Your answer should consist solely of the lines from the first line of the data through the line with "American Eagle Outfitters", each reproduced exactly.

[Data extracted from a collection]
↓↓↓
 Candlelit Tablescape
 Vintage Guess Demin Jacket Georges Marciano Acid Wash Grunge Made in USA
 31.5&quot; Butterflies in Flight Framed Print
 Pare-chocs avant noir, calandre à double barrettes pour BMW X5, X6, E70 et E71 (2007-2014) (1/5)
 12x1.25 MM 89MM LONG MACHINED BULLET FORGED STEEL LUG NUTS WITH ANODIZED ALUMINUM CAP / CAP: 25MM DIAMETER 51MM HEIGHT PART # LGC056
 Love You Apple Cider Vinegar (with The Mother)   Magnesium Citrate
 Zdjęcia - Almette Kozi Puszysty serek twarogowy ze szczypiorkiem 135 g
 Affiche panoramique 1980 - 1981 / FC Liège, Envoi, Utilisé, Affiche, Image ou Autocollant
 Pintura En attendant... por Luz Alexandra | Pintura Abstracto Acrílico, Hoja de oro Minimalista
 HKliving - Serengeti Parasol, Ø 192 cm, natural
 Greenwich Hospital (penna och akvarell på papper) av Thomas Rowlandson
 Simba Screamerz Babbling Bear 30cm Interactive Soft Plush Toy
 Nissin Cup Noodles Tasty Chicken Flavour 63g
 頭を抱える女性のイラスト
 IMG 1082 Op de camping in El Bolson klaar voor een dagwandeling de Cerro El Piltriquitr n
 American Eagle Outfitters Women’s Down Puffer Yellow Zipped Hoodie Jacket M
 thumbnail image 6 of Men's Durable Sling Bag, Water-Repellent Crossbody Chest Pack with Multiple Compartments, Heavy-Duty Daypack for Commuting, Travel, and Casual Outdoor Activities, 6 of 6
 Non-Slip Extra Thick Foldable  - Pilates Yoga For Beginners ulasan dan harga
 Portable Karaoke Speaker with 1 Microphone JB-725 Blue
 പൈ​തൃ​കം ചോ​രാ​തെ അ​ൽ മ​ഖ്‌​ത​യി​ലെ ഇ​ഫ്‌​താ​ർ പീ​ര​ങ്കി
↑↑↑
:: WRITTEN SOLUTION ::
 Candlelit Tablescape
 Vintage Guess Demin Jacket Georges Marciano Acid Wash Grunge Made in USA
 31.5&quot; Butterflies in Flight Framed Print
 Pare-chocs avant noir, calandre à double barrettes pour BMW X5, X6, E70 et E71 (2007-2014) (1/5)
 12x1.25 MM 89MM LONG MACHINED BULLET FORGED STEEL LUG NUTS WITH ANODIZED ALUMINUM CAP / CAP: 25MM DIAMETER 51MM HEIGHT PART # LGC056
 Love You Apple Cider Vinegar (with The Mother)   Magnesium Citrate
 Zdjęcia - Almette Kozi Puszysty serek twarogowy ze szczypiorkiem 135 g
 Affiche panoramique 1980 - 1981 / FC Liège, Envoi, Utilisé, Affiche, Image ou Autocollant
 Pintura En attendant... por Luz Alexandra | Pintura Abstracto Acrílico, Hoja de oro Minimalista
 HKliving - Serengeti Parasol, Ø 192 cm, natural
 Greenwich Hospital (penna och akvarell på papper) av Thomas Rowlandson
 Simba Screamerz Babbling Bear 30cm Interactive Soft Plush Toy
 Nissin Cup Noodles Tasty Chicken Flavour 63g
 頭を抱える女性のイラスト
 IMG 1082 Op de camping in El Bolson klaar voor een dagwandeling de Cerro El Piltriquitr n
 American Eagle Outfitters Women’s Down Puffer Yellow Zipped Hoodie Jacket M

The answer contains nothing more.